The other terminal can receive the NAK packet from the terminal that has not received the video layer (240). Thereafter, the other terminal receiving the NAK packet can confirm whether the video layer is received (250). The other terminal that has received both the video layer and the NAK packet among the other terminals retransmits the video layer to the terminal that has not received the video layer (260).

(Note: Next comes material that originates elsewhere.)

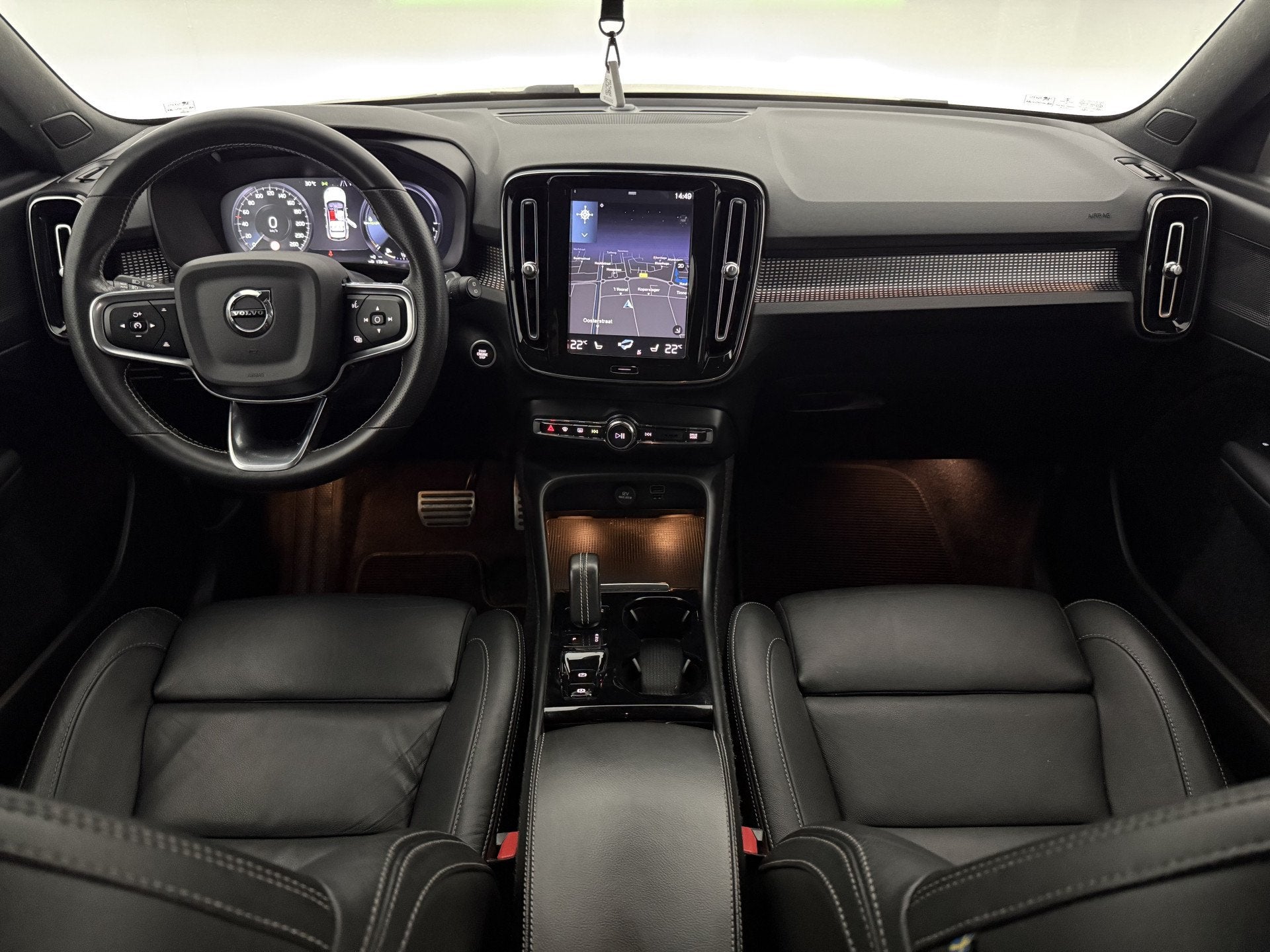 Foto 2 van Volvo XC40 1.5 T5 Recharge R-Design | 360 | Virtual | Carp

For example, the other terminal may receive the first NAK packet indicating that the first video layer has not been received from the first terminal that has not received the video layer. When the first terminal receives the first NAK packet indicating that the first terminal has not received the first video layer from the first terminal, it can confirm whether or not the first terminal has received the first video layer. As a result of checking whether or not the first video layer is received, if another terminal has received the first video layer, the first video layer can be retransmitted to the first terminal. At this time, the other terminal can retransmit the first video layer to the terminal within the predetermined first reception radius.

Then, the terminal that has not received the video layer from the base station among the plurality of terminals can re-receive the video layer from other terminals (270). Accordingly, the terminal receiving the video layer from the base station can retransmit through the selective cooperation communication without unconditionally retransmitting. Because the acknowledgment packet is small in size, the energy used for transmission and reception is small, which can further improve energy efficiency. More details will be described with reference to Figs. 3 to 5. Fig.

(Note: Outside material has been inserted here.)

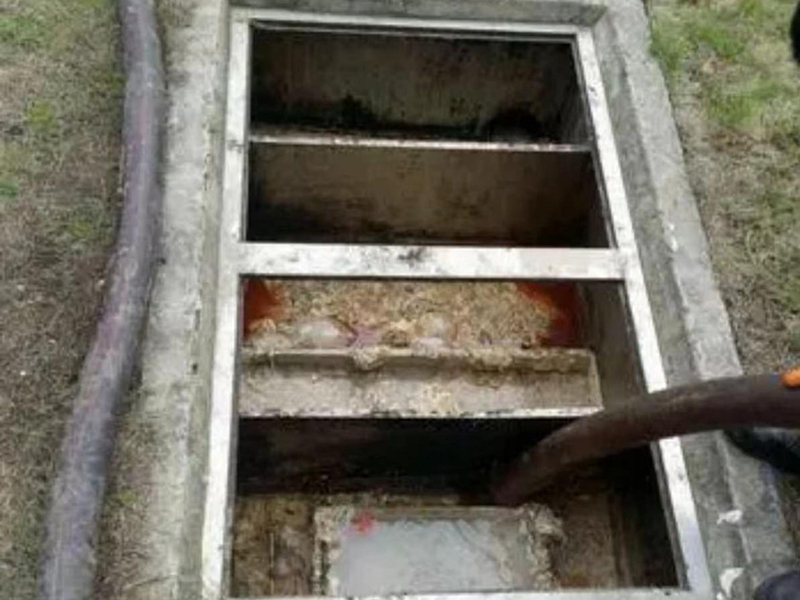 龙门镇隔油池清理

3 is a diagram for explaining a selective cooperative multicast method according to an embodiment of the present invention.

3 illustrates a selective cooperative multicast method according to each section. In order to explain the selective cooperative multicast method according to each section, a terminal 351 in a video layer receivable state, a terminal 352 in a video layer non-receivable state, a terminal transmission range 553 in a video layer non- The video layer transmission range 354 of the base station, the terminal transmission range 555 of the video layer receivable state, and the reception acknowledgment packet transmission range 356 of the base station.

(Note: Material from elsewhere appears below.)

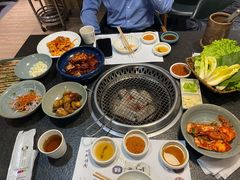 -草家酱蟹炭火烤肉店(珲春南路一店)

Referring to FIG. 3, the BS may transmit a video layer to a plurality of terminals within a video layer transmission range 354 in a Phase-1 period. In operation 310, an acknowledgment packet may be transmitted to the plurality of terminals within the acknowledgment packet transmission range 356 in a range larger than the video layer transmission range 354 to confirm that the video layer has been received. The terminal 351 capable of receiving the video layer can receive the video layer and the terminal 352 unable to receive the video layer can not receive the video layer. Then, a plurality of terminals, which have received the acknowledgment packet in the stage 1 of the beacon frame, check whether the video layer is received (320).

In the stage 2 (stage 2) of the beacon frame, after confirming whether or not the video layer is received, the terminals 352 in the state in which the video layer is not receivable can not receive the video layer in the terminal transmission range 553 A NAK packet may be transmitted 330 indicating that the video layer has not been received. At this time, the other terminal may be another terminal within the terminal transmission range other than the terminal itself.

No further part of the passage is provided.